Alex Smith eclipsed 300 yards for the first time this season, albeit due to playing catch up for much of the game. However, running back Adrian Peterson was shut down being held to 17 yards on nine carries by a poorest Atlanta defense.

Washington falls to 5-3 on the season but will remain in first place of the NFC East, while the Falcons are taking advantage of a lighter schedule for their second straight win pulling them to 4-4 on the season.

It’s simple the Redskins cannot score points, especially not the volume of points needed to win Sunday. Atlanta jumped on them early with a quick 14 points that should have been 21 if not for an errant throw by Ryan that was picked off by Quinton Dunbar.

For the third time this season, the Redskins’ opponents scored first. In all three games, they’ve lost.

The Redskins simply do not have the firepower on offense to keep up with an opposing scoring offense. And it starts with its pedestrian passing game. Yes, Smith eclipsed 300 yards but it’s a tally that is ballooned by the fact the game was about over early in the third quarter.

Smith’s three biggest passing games of the season have all come in the team’s three losses. That’s no coincidence. It’s a byproduct of a high volume of passes getting behind early.

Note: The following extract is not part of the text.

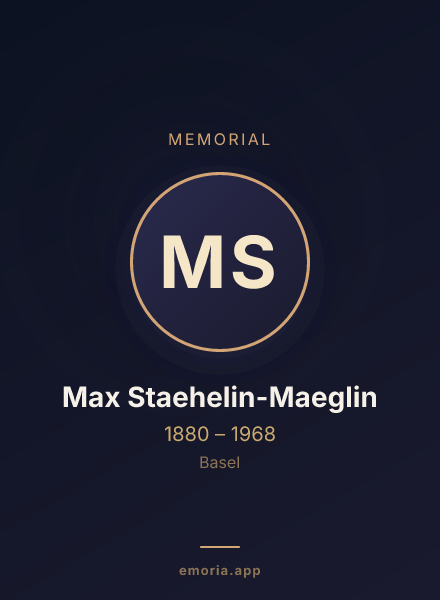 Memorial portrait of Max Staehelin-Maeglin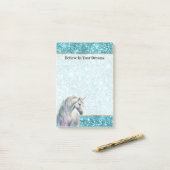 Post-it® Turquoise Aqua Glitz Glitter Unicorn (Sur un bureau)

Washington faced three top level quarterbacks in those losses, Drew Brees, Andrew Luck, and Ryan, and yet, Smith could not keep up with either. Too many drives ended on misfired passes or drop passes.

The passing game is a nightmare when it’s needed. Whether its Josh Doctson dropping passes, or Smith’s quick eyes on intermediate routes, it’s a nightmare and one that cannot keep up with elite-level quarterbacks and offenses. Don’t let a late flurry already down by 21 points blind the fact the passing game looks no different than Blake Bortles in Jacksonville or Tyrod Taylor in Buffalo or Cleveland.

Doctson dropped two passes on the second drive of the game. The second would have converted a 3rd-and-15 instead the Redskins were forced to punt.

But dropped passes weren’t the only issues. Smith at times welcomed pressure from what started out as a clean pocket. He also missed open receivers like a pass in spacing intended for wide receiver Maurice Harris.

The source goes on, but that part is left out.